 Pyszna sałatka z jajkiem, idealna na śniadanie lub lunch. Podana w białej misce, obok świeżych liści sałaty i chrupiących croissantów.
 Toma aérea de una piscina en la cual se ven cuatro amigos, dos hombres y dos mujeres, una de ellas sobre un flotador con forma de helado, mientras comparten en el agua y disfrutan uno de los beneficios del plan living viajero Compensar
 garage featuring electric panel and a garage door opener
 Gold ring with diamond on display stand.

··········

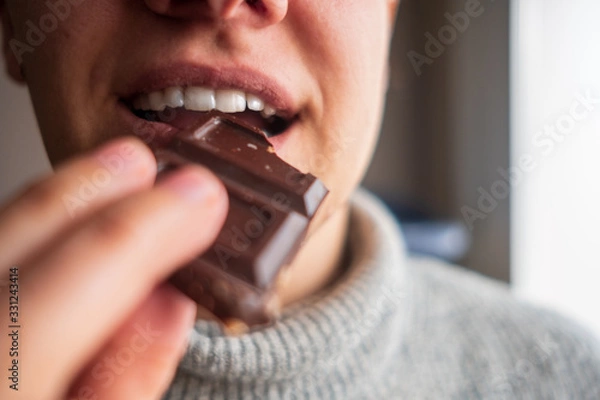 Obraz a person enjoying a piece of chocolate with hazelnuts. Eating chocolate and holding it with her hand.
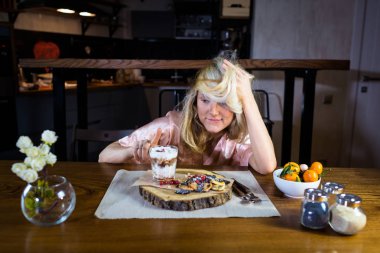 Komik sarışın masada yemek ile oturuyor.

··········

From the records above, transcribe only the stretch from the line with "Obraz a person" through the line with "Komik sarışın masada yemek ile oturuyor.", keeping both ends. Omit pictures.

## Answer to this task
 Obraz a person enjoying a piece of chocolate with hazelnuts. Eating chocolate and holding it with her hand.
 Komik sarışın masada yemek ile oturuyor.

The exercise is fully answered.